È un dipinto che trasmette la tristezza e la nostalgia delle cose che finiscono. Tra noi che abbiamo conosciuto i tramonti a Chiaia di Luna è facile intendersi.
Sullo sfondo, a destra, si intravedono gli edifici grigi della città e l’acqua é quella del fiume di Londra; ma il tramonto è reso in modo magistrale. E quasi divide il quadro in due: l’atmosfera – il mood, l’umore dominante – nella parte destra; l’enunciazione dei fatti (altri colori e altra tecnica a sinistra).
Il cielo e i toni del rosso sono resi con tocchi densi di colore (applicato sia a pennello che con la piccola spatola flessibile dei pittori). Il risultato, per il cielo e l’immagine riflessa sull’acqua, va apprezzato a una certa distanza; con una tecnica diversa Turner ottiene la stesso effetto ‘sfolgorante’ dei ‘puntinisti’ (le luminose ‘Senne’ di Seurat!).
Nella rappresentazione della nave e del suo sartiame la tecnica è invece minuziosa e precisa; fino al ribollire dell’acqua sulla scia del rimorchiatore.
Il dipinto raffigura l’ultimo viaggio della nave, trainata da un rimorchiatore lungo il Tamigi per essere demolita.
È un tramonto, di quelli soffusi ‘alla Turner’. Il tramonto di tante cose.
Del giorno.
Della nave Temeraire – ‘figthing’, valorosa, combattente, la definisce Turner – una nave da guerra da 98 cannoni, varata nel 1798 e vittoriosa alla battaglia di Trafalgar (del 1805); quella che aveva difeso dal fuoco francese la nave bandiera HMS Victory di Lord Nelson; la nave che i suoi marinai chiamavano affettuosamente “Saucy Temeraire“ (sbarazzina, monella), piuttosto che fighting, come fa l’artista nel titolo del suo dipinto.

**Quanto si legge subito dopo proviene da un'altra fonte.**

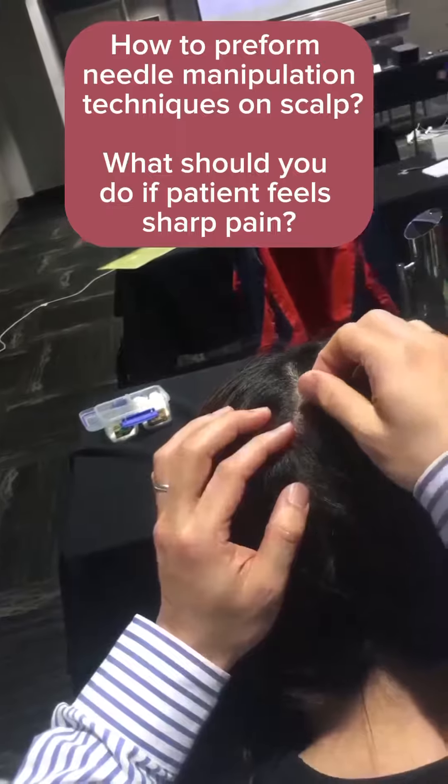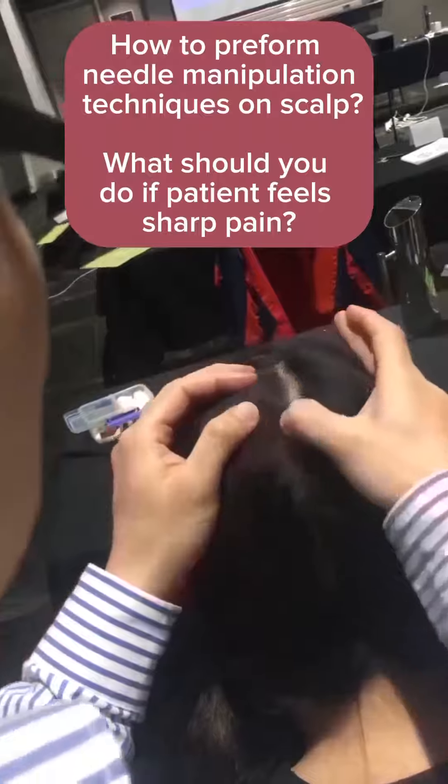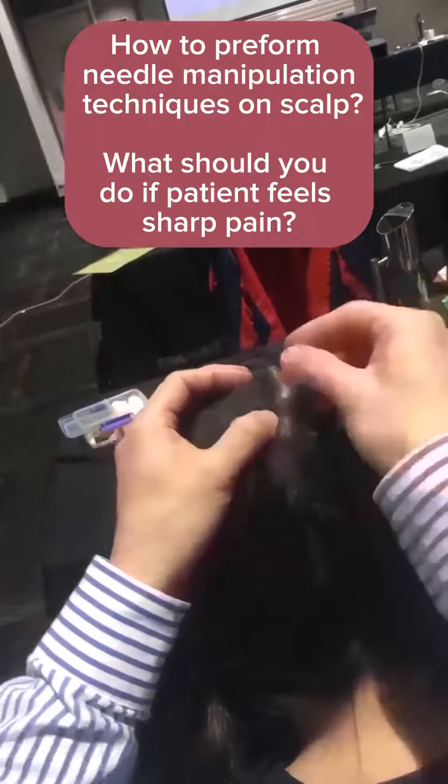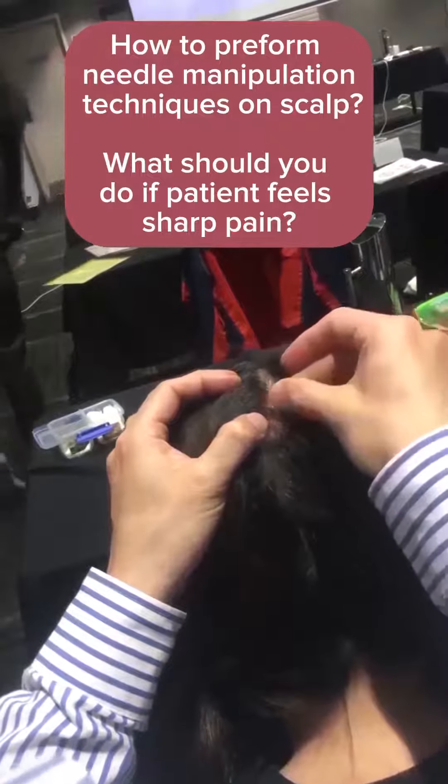Is it sharp off the needle? Okay, now I took the needle out. The patient should not feel sharp pain — no, no. Okay, how is it now?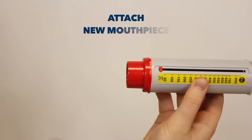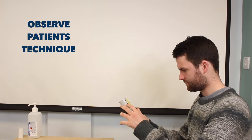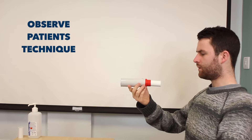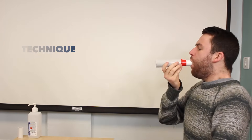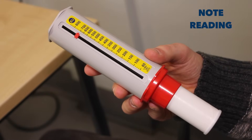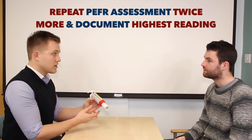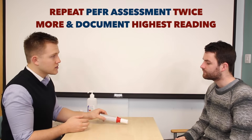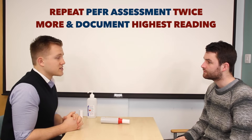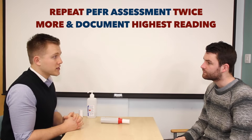It's now time for you to have a go. That's a really good score of 700. To finish, we just need to take another two readings. We'll take the best of all three readings and record it in your peak flow diary.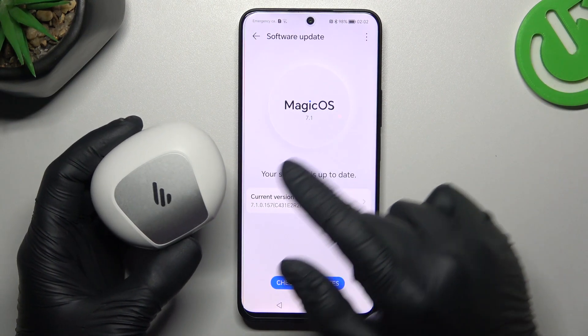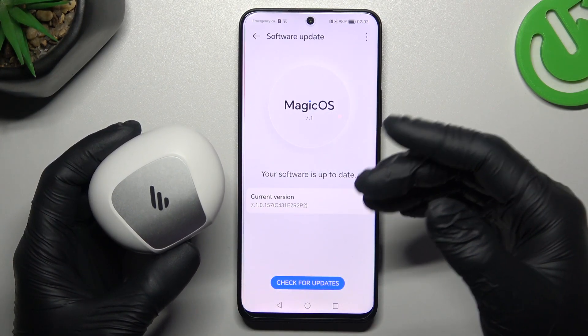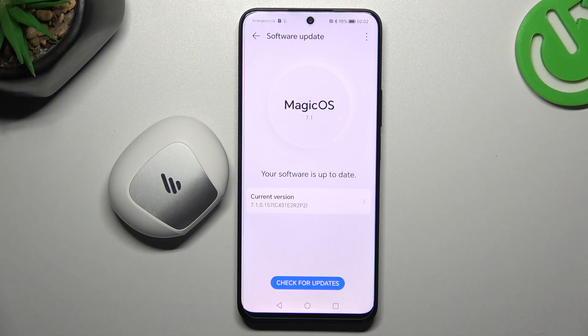And the last recommendation: test your Bluetooth accessory and your phone with other Bluetooth devices to check which one is visible and which one is causing the problem. That's it — thanks for watching. Leave us a like or a comment, and good luck.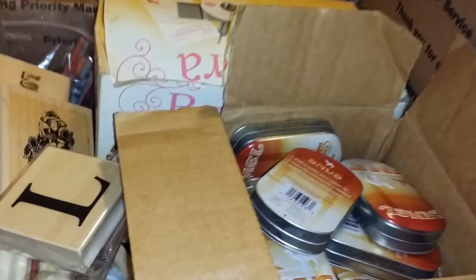So you get this box full of all of that for $30 shipped. Talk to y'all later, have a good day, bye!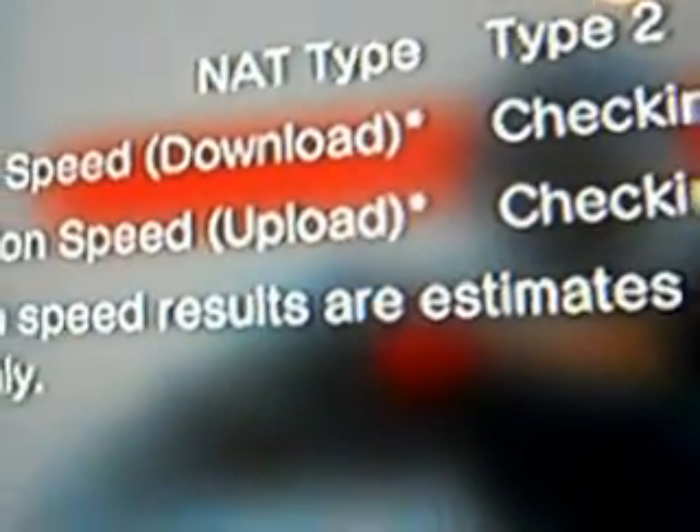And then you wait until it's done checking, uploading and downloading all the speed connections.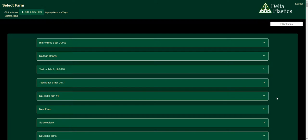Hey everyone, it's Chris DeClercq with Delta Plastics and Pipe Planner. The new version of Pipe Planner is out and we want to put together a few instructional videos just to help you along the way. The very first being how to navigate through a furrow irrigated field and some of the new features that go along with it.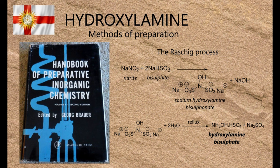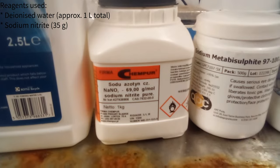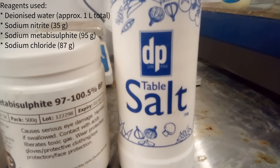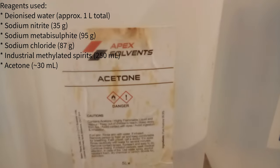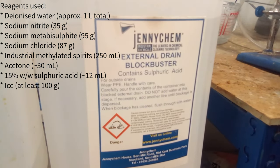In this video I'll be preparing it on a half-mole scale, which is relatively large for reasons you'll find out in due course. The reagents used were deionised water, sodium nitrite, sodium metabisulfite, sodium chloride, industrial methylated spirit, acetone, 15% sulfuric acid, and a lot of ice.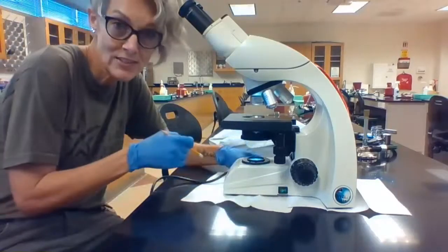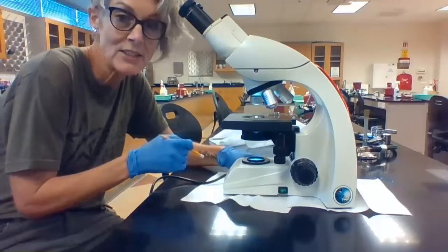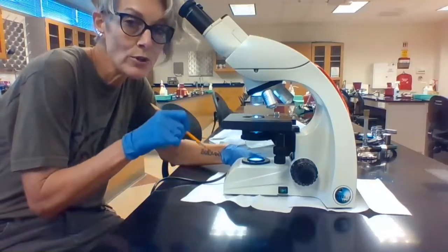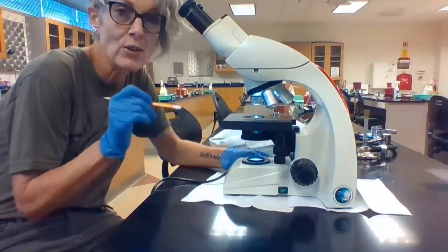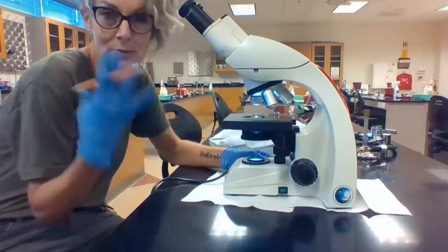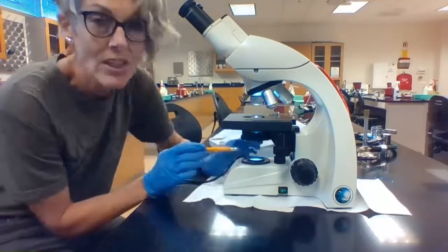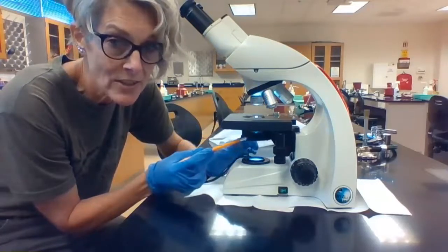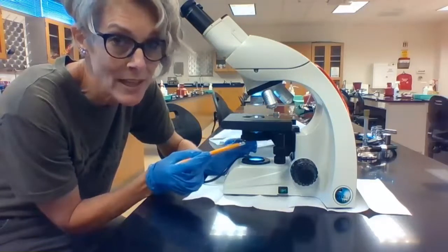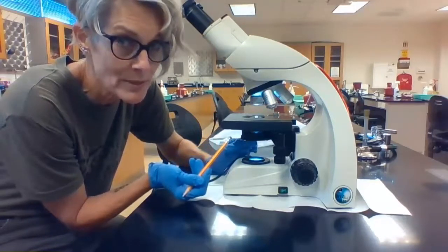Over here on the left side, there is a light adjustment dial. You can increase the intensity of light or you can dim the light. Your goal is you want enough light to see your specimen, but you don't want so much light that it's blinding and it's going to give you a headache. This next part is the condenser. The condenser is going to focus and tighten that beam of light before it goes through our specimen.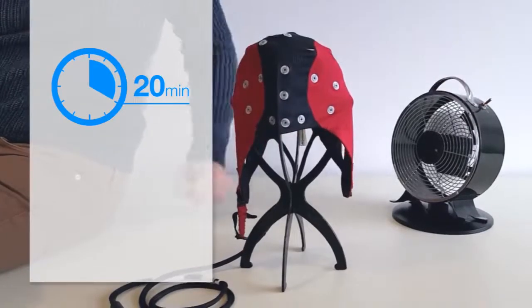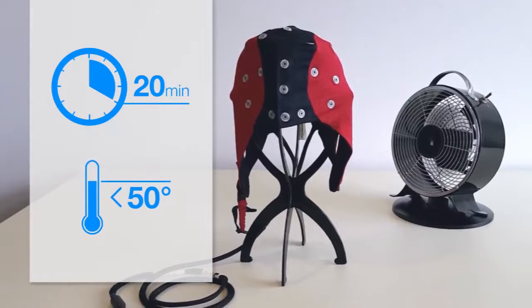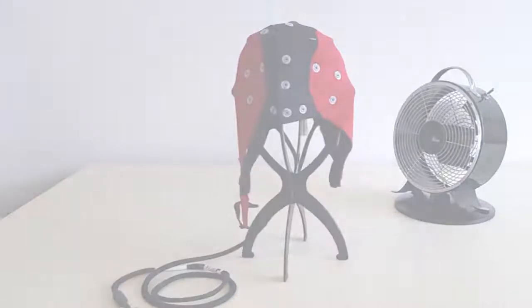Please make sure that the cap is no longer dripping wet. Avoid drying the cap in hot environments exceeding 50 degrees Celsius, as hot air drying may significantly reduce the lifetime of the cap.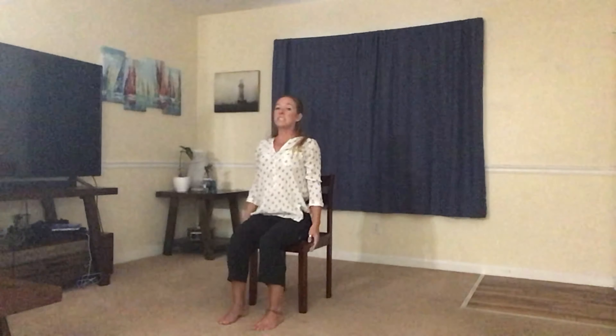On the inhale, slowly open the eyes and lift the arms up to the sky, reaching as high as you can. Exhale, let the arms slowly float all the way down. Taking a deep breath here, letting your shoulders relax, keeping your spine nice and tall.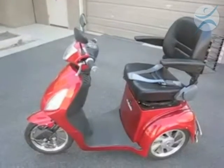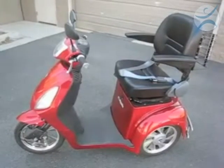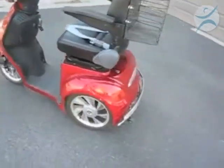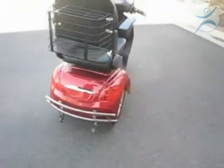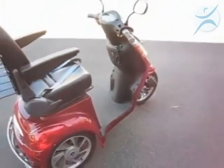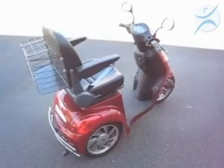I'm talking today about the EW36 E-Wheels Mobility Scooter. This is one of our top selling items. It's powered by a 500 watt transaxle motor, which makes it the most powerful, fastest mobility scooter on the market today. We've been selling this scooter for about three years, and we've had really great sales, great market acceptance, and we have a nice following of customers now.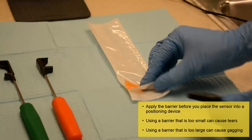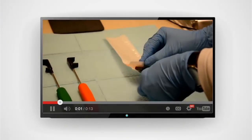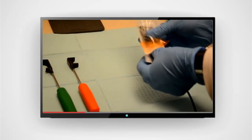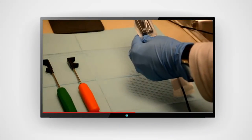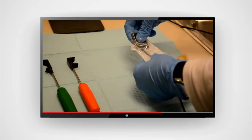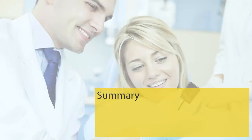Quick Tip: using a finger cot on top of the barrier can help prevent tears during the x-ray exam. After you select the barrier, slide the sensor into the barrier. Make sure that the barrier slides all the way down on the sensor. If necessary, use your thumbs and forefingers to push the sensor to the end of the barrier. You should now be able to define Direct Digital Radiography, identify the RVG sensors, and prepare the sensors for use.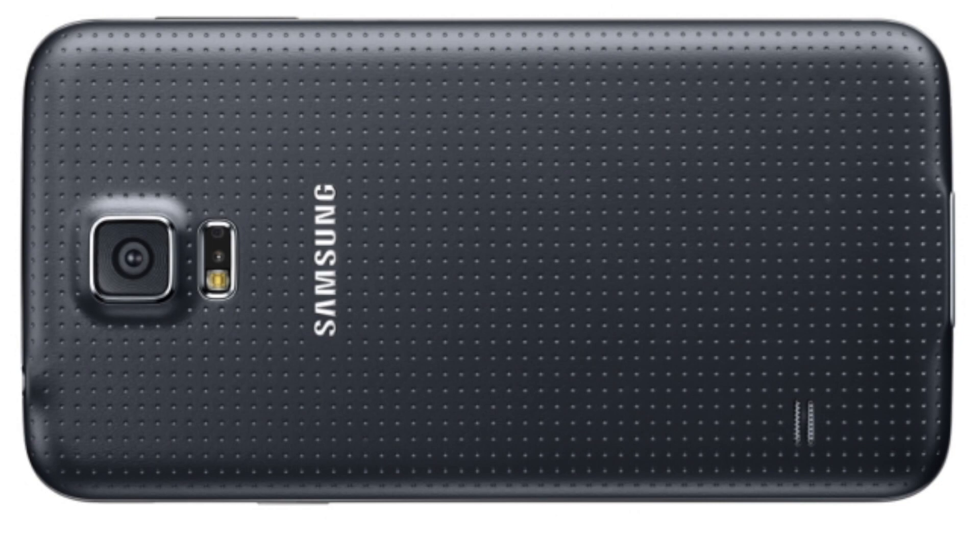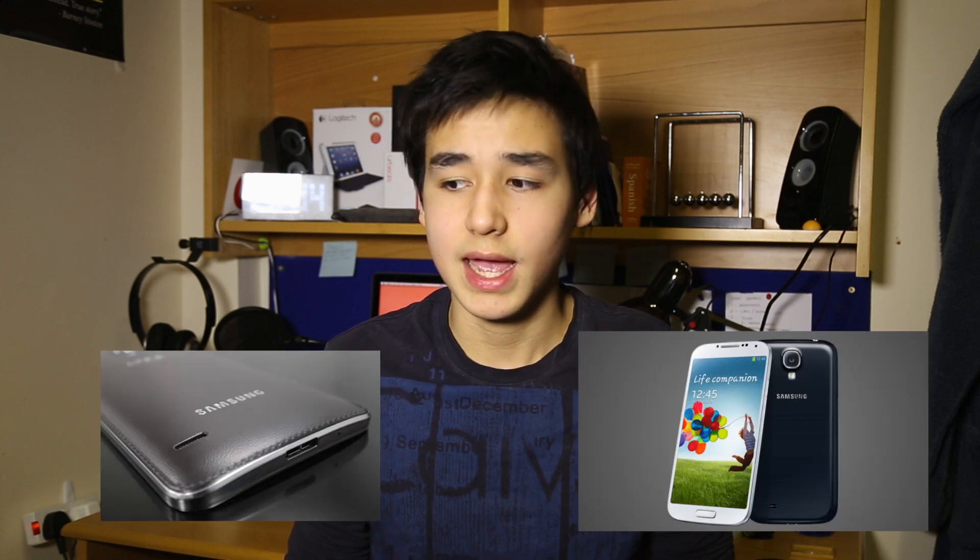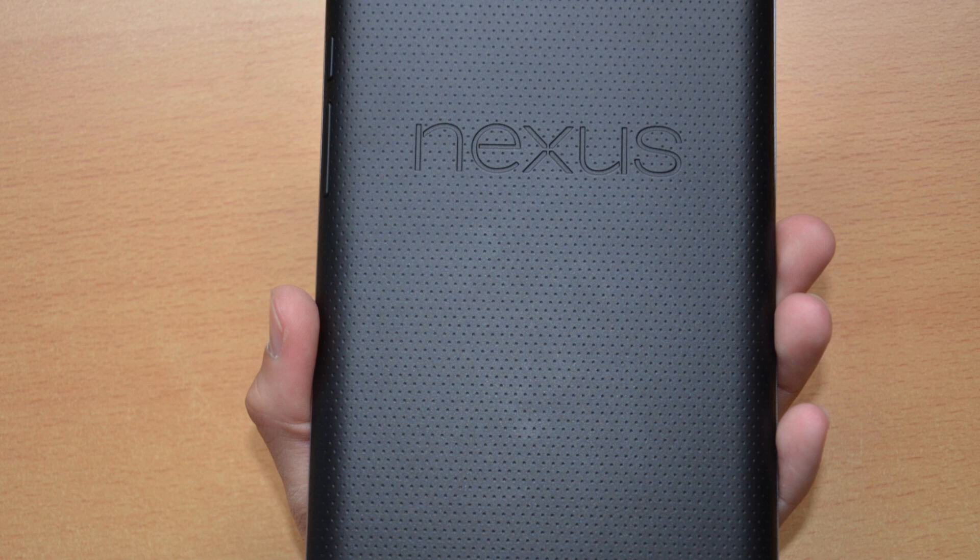Maybe one of the things that will make you jump out of your seat is the new back. It kind of looks weird — maybe you're a fan of it, maybe you don't like it like me. It's still plastic, although it looks kind of rubbery. It's not the same as the Galaxy Note 3's fake stitching, and it's not the old slippery plastic of the Galaxy S4. This is actually kind of a previous-generation Nexus 7 looking back, which I was a fan of for its texture. From images though, it doesn't look very nice.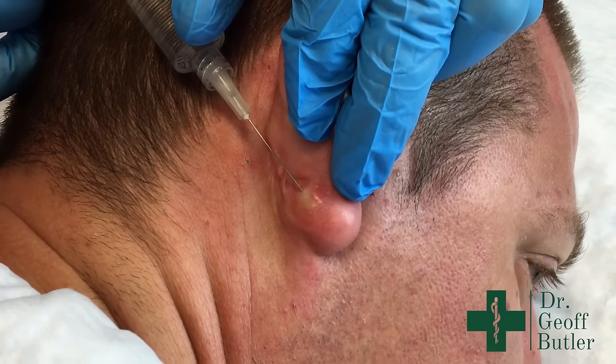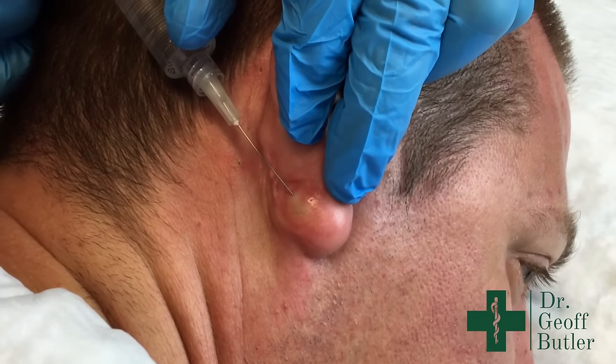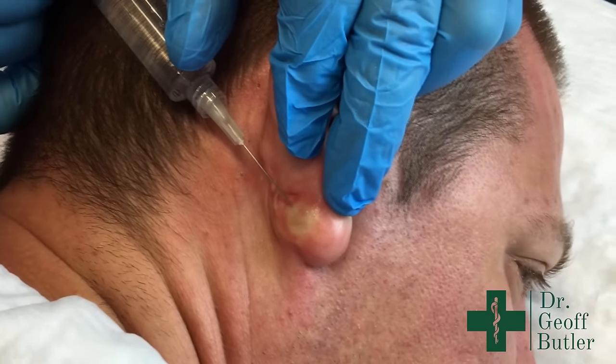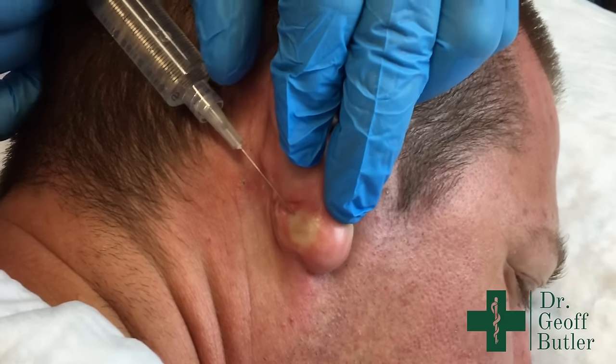Hopefully we won't need to do any packing. If it's cystic, we may have to collapse down some loculations. The lobule of the ear can be a decent third space and have that happen to it.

È anche il tramonto di un’epoca, quella gloriosa della navigazione a vela, soppiantata dal vapore. La simbologia è nel contrasto tra la vecchia nave da guerra, – imbiancata, come incanutita: l’evocazione pallida di un fantasma, con leggeri tocchi dorati (sulla prua) che ne ricordano l’eroico passato – e lo scuro rimorchiatore, protervo e fumoso, che la precede e la domina; né la nave più inalbera la gloriosa bandiera dell’Union Jack, ma la bandiera bianca della resa [leggi qui e qui sul sito, l’epopea della navigazione a vela, in: “Uomini e navi. Il tempo della vela” di Gianni Paglieri].
È infine e insieme, il simbolo della declinante potenza navale inglese.
Le cose finiscono, prima o poi. Oppure, forse “…tentano soltanto di accadere, tastano il fondo della realtà per sapere se le sostiene. E subito si ritraggono temendo di perdere la propria integrità in una realizzazione difettosa… e poi, nella nostra biografia, restano quelle macchie bianche, stimmate odorose, quelle perdute orme argentee di piedi nudi angelici, disseminate a gran passi lungo i nostri giorni e le nostre notti…” [Da: Bruno Schulz – “Le botteghe color cannella”; Einaudi, 2001].